“aiming to save mankind through a radiant display of exemplary living that would cure the world of its ills”

The opening paragraphs of Christopher Bollas’ “Meaning and Melancholia: Life in The Age of Bewilderment””:

In Of Plymouth Plantation Governor Bradford (who arrived on the
Mayflower) confronted the aftermath of a disturbing court case in which the plaintiff, Thomas Granger, was indicted for serial bestiality. At the trial various animals were brought into the room and he had to identify those who with whom he had committed acts “of a foul nature” and those that were innocent..
Granger was found guilty and executed in September 1642. “A very sad
spectacle it was” writes Bradford because “for first the mare and then the cow and
the rest of the lesser cattle were killed before his face, according to the law, Leviticus
xx.15; and then he himself was executed.” The animals were buried in a large pit, Granger in a grave

.
In a chapter entitled “Wickedness breaks forth”, Bradford tries to understand why men of faith could commit such acts. He considers that “profane people” might have been mixed in with the migrants, and he suggests a few other possible reasons, but he also turns to a psychological analysis of why God-fearing people might break down and commit crimes.

He writes:

Another reason may be, that it may be in this case
as it is with waters when their streams are stopped
or dammed up. When they get passage they flow with
more violence and make more noise and disturbance
than when they are suffered to run quietly in their own
channels; so wickedness being here more stopped by strict
laws (352)
He concludes that when people are forbidden to “run in a common road of liberty” evil “searches everywhere and at last breaks out where it gets vent.” (352)

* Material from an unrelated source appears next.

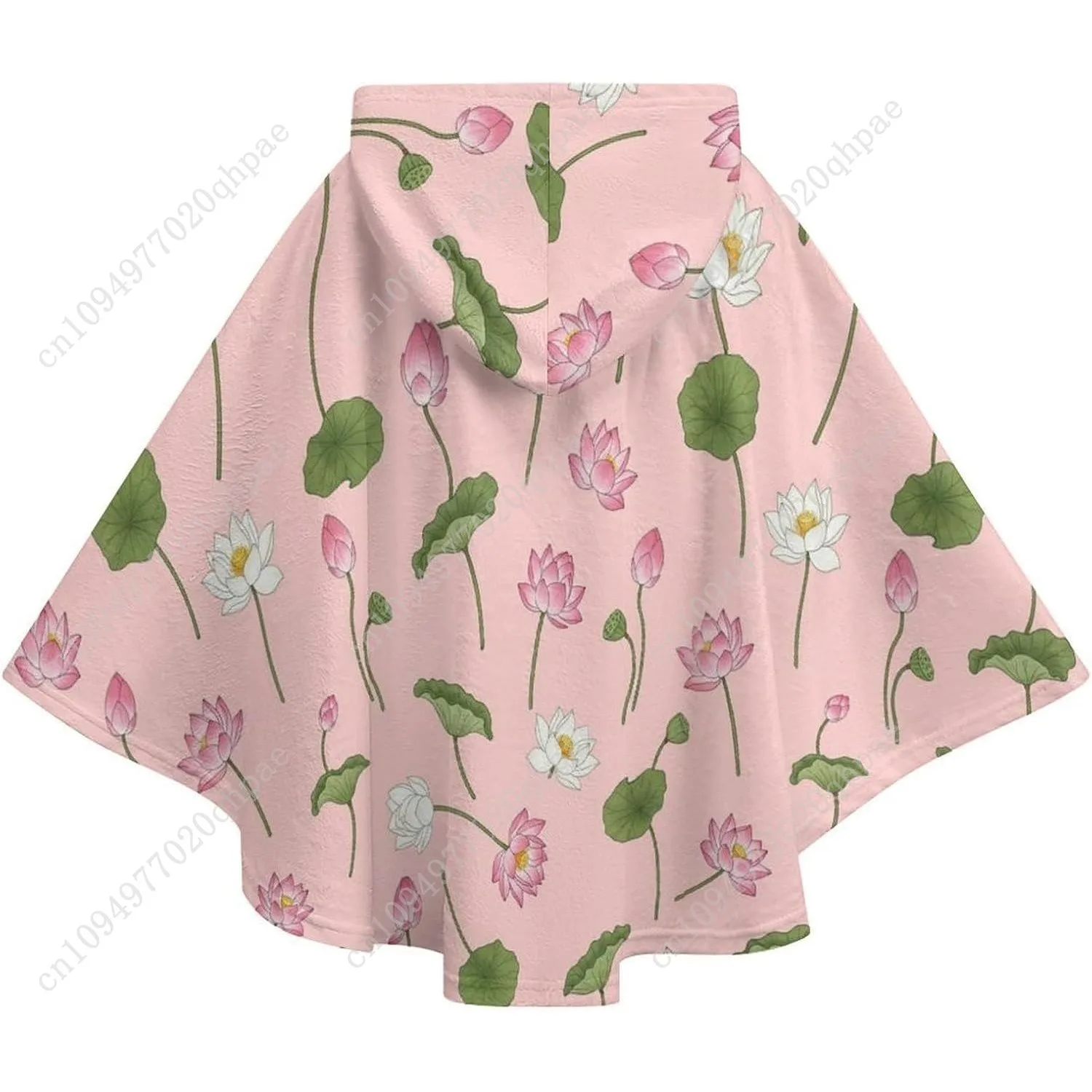 سترة بطانية مريحة من الفلانيل، هوديي كبير الحجم بأوراق زهور اللوتس مع جيوب للأطفال والمراهقين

Bradford was clearly shaken by this outbreak of abberant behaviour among his fellow Puritans. Evil belonged in Europe; it was meant to have been left behind. How could it have followed them here?

Strikingly, he does not put human failure entirely down to Satan. He could have blamed the Europeans, pointed a finger at the Native American Indians or cited environmental hardships (the voyage, the winter weather) But he did not. Instead he followed the Puritan tradition of looking into the self, He searched his soul and emerged with a dawning recognition that there was something endemic to human psychology that would make the idealism of an extreme, faith-driven government impossible to fulfill.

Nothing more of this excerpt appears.